Asimismo, la ministra trasladó a Lacroix el compromiso de España con este país de Oriente Próximo y le garantizó que España permanecerá hasta el final de la misión de la ONU, cuyo mandato concluye a finales de 2026.
“Es una misión esencial y fundamental“, ha ahondado la ministra.
Los militares españoles se encuentran en la base Miguel de Cervantes, el principal destacamento español en territorio libanés. Está ubicado en el ala este, que está liderado por España. A raíz de la situación insostenible, los militares bajo las órdenes del general Antonio R. Bernal han tenido que suspender las patrullas y obligarse a permanecer en los búnkeres del cuartel general.
Robles ha destacado la “complicada y difícil situación” de la FINUL, que se encuentra en medio de los ataques que diariamente se intercambian Israel y Hezbolá, pero ha dejado patente el “orgullo” que siente por los militares españoles desplegados allí. Aunque pasan “muchas horas” bunkerizados debido a las “agresiones permanentes”
“, los soldados tienen “la moral alta”.
La ministra de Defensa ha vaticinado que a la misión aún le quedan “meses duros”, pero ha insistido en trasladar un mensaje de “tranquilidad” a las familias de los desplegados porque “la prioridad” es la seguridad de los hombres y mujeres de la FINUL.
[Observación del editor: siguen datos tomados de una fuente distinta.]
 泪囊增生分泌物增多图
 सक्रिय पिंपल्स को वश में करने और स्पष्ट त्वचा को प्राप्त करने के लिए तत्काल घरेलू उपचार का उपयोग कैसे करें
De su lado, el general jefe de la BRILIB XLIV, Antonio R. Bernal Martín, ha informado a la ministra de que el personal español en Líbano está “bien” y”con mucho ánimo y ganas” de que la situación se normalice “para volver a llevar a cabo sus cometidos”.
No obstante, ha puesto el foco en que “el intercambio de cohetes” es “diario” y los militares tienen que llevar a cabo labores de “interceptación” y especial cuidado con “elementos que están en el suelo” que les ponen “en peligro”. Ha cifrado en entre 60 y 70 las acciones aéreas y ataques de artillería entre Israel y Hezbolá, pero ha insistido en que la misión de la ONU no es el objetivo de la agresiones.
Asimismo, el jefe del Estado Mayor del Ejército de Tierra, Amador Enseñat y Berea, comentó su preocupación, “es muy difícil cumplir la misión, hoy el eje principal debe ser la protección de la fuerza, la prudencia en todas las actividades y la preocupación constante por los hombres y mujeres
“Creemos en la paz y en la seguridad”
La ministra ha vuelto a anunciar que España ha descartado su participación en una eventual misión de la Unión Europea para mantener abierto el estrecho de Ormuz. Afirmando que la fragata Cristóbal Colón ya se ha desplegado en coordinación con Francia y aliados para la misión defensiva en Chipre y asegurando que no va a haber otra misión de esa índole.
“Nos planteamos la exigencia de que la guerra termine porque no tiene ningún sentido, es ilegal y está produciendo muchos muertos, el objetivo tiene que ser que la guerra termine”, ha dicho Margarita Robles.